Snapshots From Britain

It's easy to take your home town for granted. Although I grew up in London, there are many sights I never visited until I returned as a tourist.

It wasn't until last year that I found out that the Albert Memorial is a ostentatious carbuncle that defiles Hyde Park. And it wasn't until last week that I found Kew Gardens to be a fascinating mixture of grand old Victorian hot houses, modern botanical exhibits, and relaxing garden walks.

Last week was also my first full week with both Ann and my future mother-in-law, Lillian. Even though Lillian is somewhat of an anglophile, this was her first trip to England. Ann and I introduced her to both my parents and Britain's national cuisine: Indian food. We also brought her to the London theater for the Reduced Shakespeare's Company's hilarious comedy "The Complete Works of William Shakespeare (Abridged)."

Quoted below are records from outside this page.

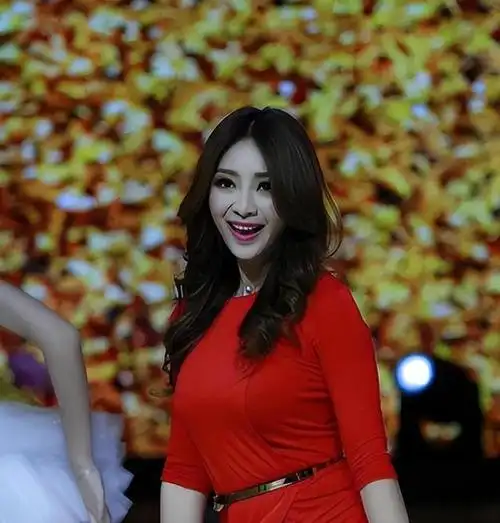 43岁还未结婚的"宅男女神"柳岩,到底是好牌打烂,还是烂牌打好?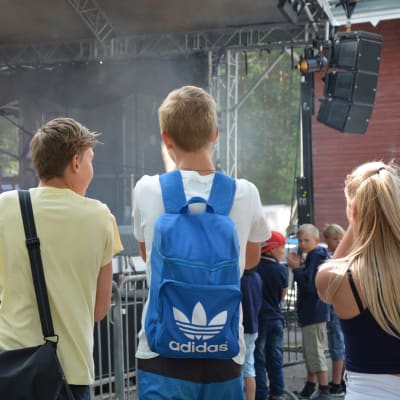 Publiken jublar under Nagu Rock 2016.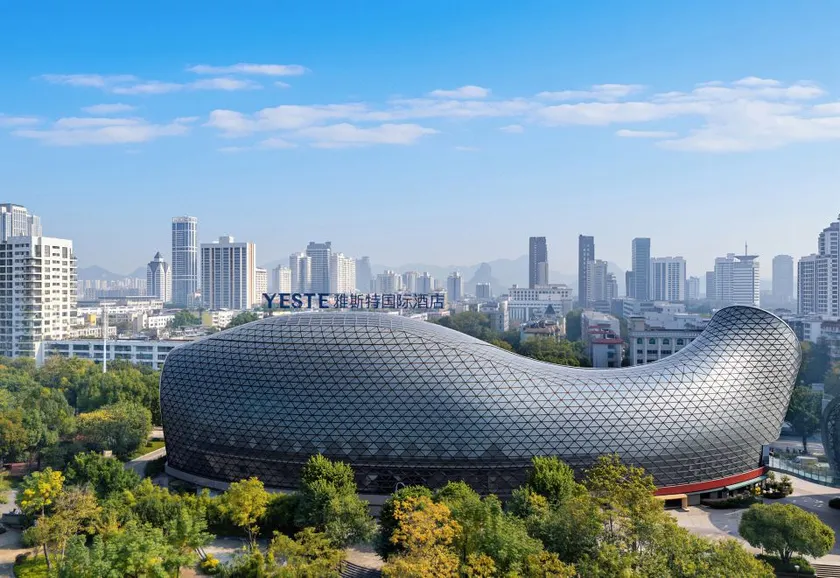 Yeste International Hotel (Liuzhou Cruise Terminal Shuangyu Hui River View Branch) - Image 1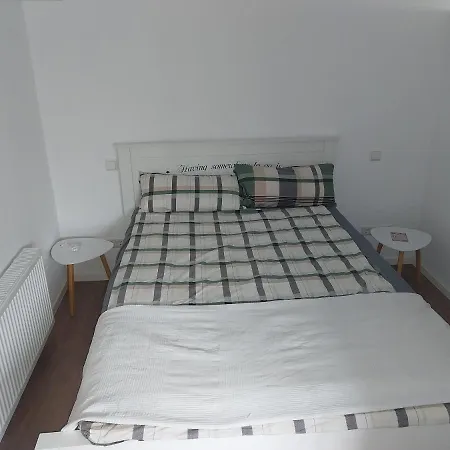 Ferienwohnung *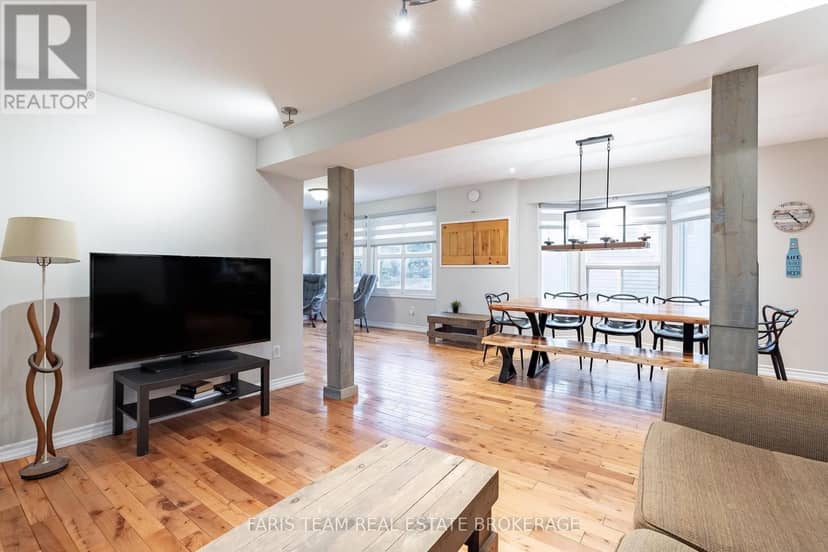 687 Innisfil Beach Road — photo 11 of 40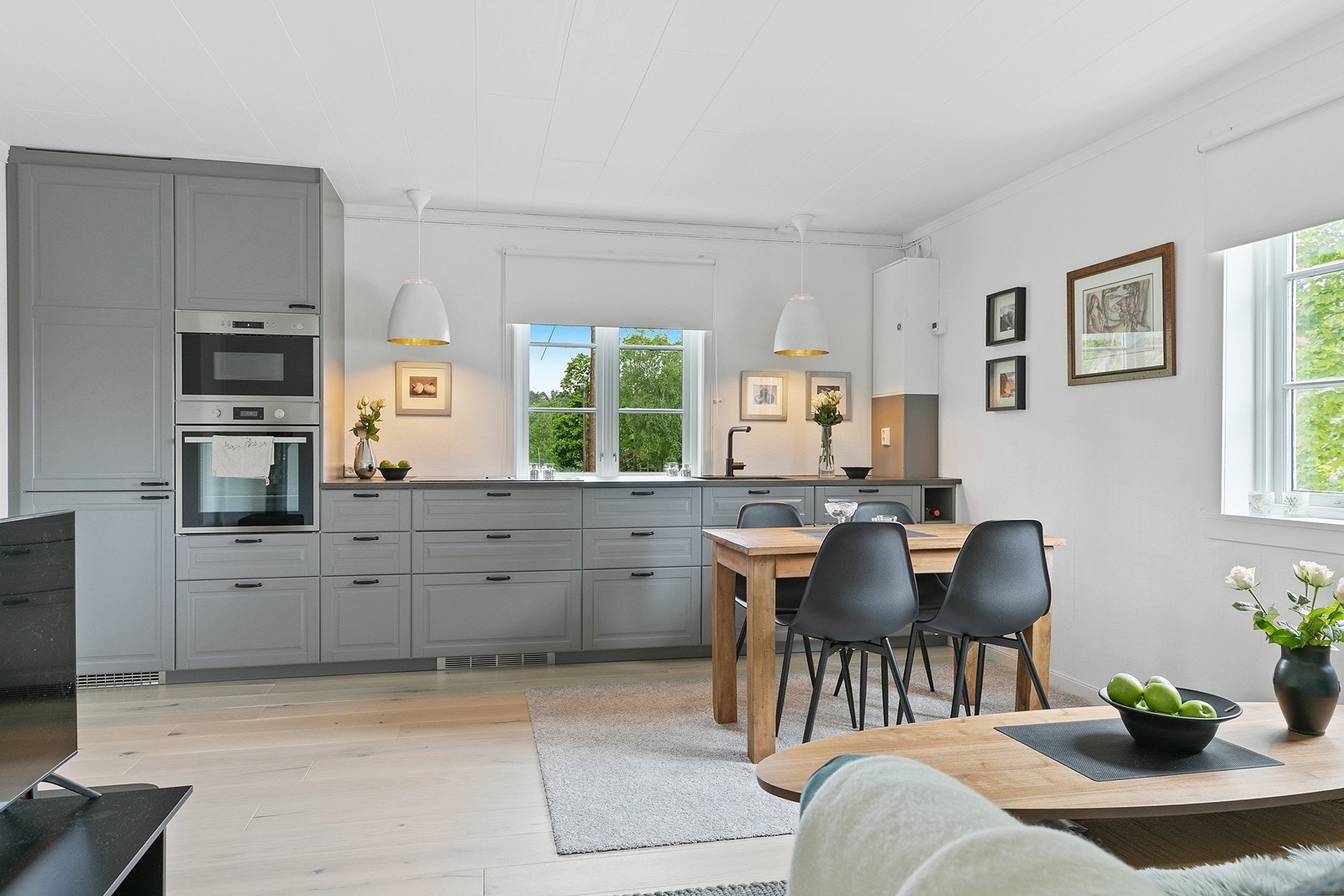 Skulle det mot formodning ikke friste å lage maten selv ligger en koselig restaurant like utenfor døren! Galleribilde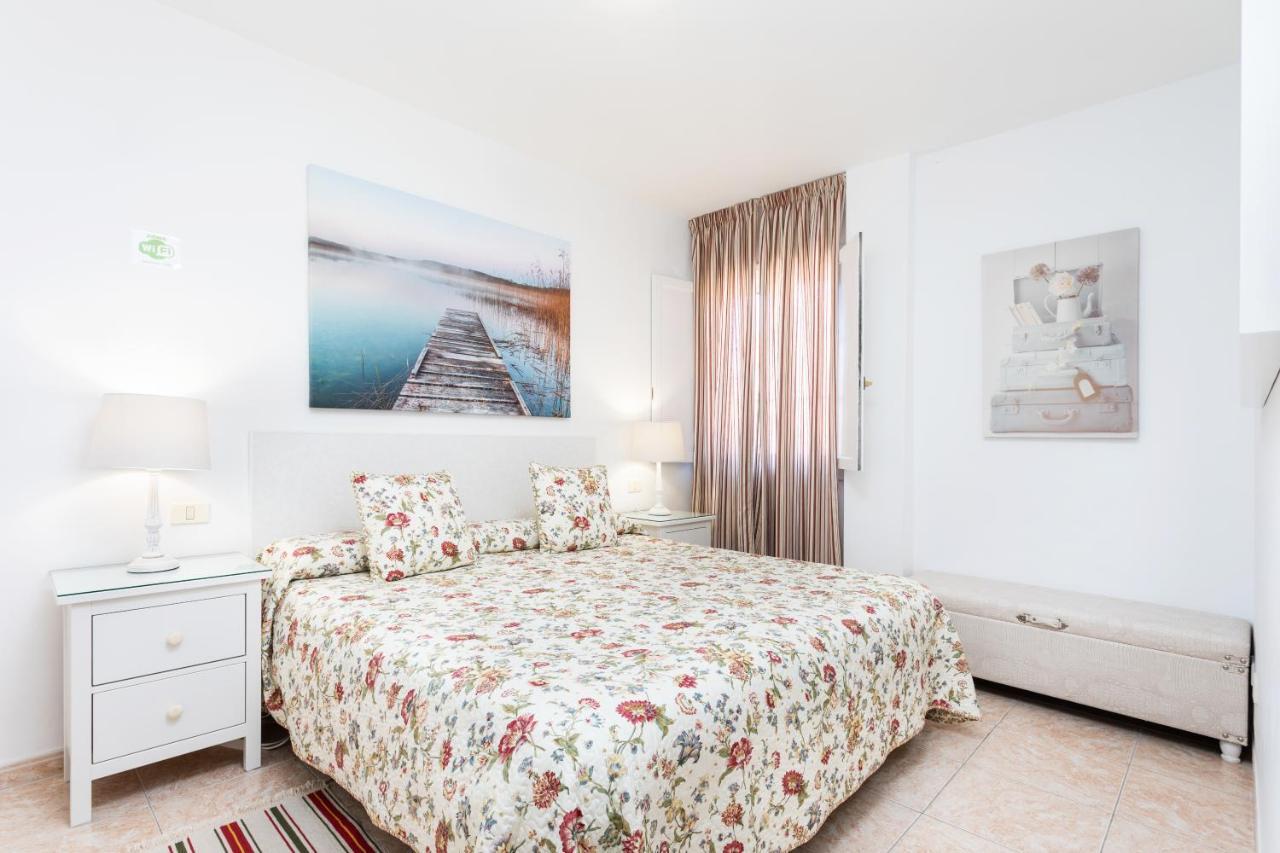 Vivienda Vacacional La Laguna Luxe Exterior photo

On the Tuesday evening, my parents hosted an engagement party for me and Ann. An interesting assortment of old and new friends came. For the first time in over 20 years, I met Nigel Burgan, an old friend of mine from Archbishop Tenison's Grammar School. He was as ebullient as ever and in complete contrast to my other old school friend there, the sardonic Chris Green. Present also were Rachel Goldwyn, an old Burma ally, and Rebecca and Derry Korbet-Wootton, both fellow bloggers.

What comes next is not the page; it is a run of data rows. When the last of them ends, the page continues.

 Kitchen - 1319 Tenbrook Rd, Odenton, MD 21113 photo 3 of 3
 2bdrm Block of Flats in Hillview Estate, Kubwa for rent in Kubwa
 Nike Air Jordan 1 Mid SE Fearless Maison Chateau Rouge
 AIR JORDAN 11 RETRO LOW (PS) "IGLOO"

Visiting Parliament Square on Wednesday night, we all found ourselves on the outskirts of a confrontation between the Metropolitan Police and pro-hunting demonstrators staging a sit-down in the street. We were unaware at the time that, just earlier in the day, pro-hunting supporters successfully stormed a debate on the floor of the House In Commons in an extraordinary breach of Parliamentary security. We ended up having a nice chat with hunt supporters without revealing that Ann and I are anti-hunting and virtually vegetarian. We left as the police linked arms and pushed everyone out of Parliament Square.

Before the Shakespeare on Saturday night, we met up with Carol Naylor, my old friend and fellow blogger. As an engagement present, Carol downloaded the picture I posted to my blog of me and Ann after my marriage proposal, cleaned it up in Photoshop, and placed in a frame. It now stands proudly on our mantelpiece at home.

Staying at a hotel in Shoreditch brought home to me how much London has changed. By day, this old working class district is now a hive of art studios, ethnic restaurants and web companies. By night, it is a teeming crowd of trendy bars and night clubs.

London has greatly changed in the 20 years since I left. After I moved to America in 1985, I found Britain to be by contrast so much more cramped and parochial. But London has changed very much for the better. The food is better and the city continues to modernize itself well. I could see myself happily living in London again if circumstances demanded it.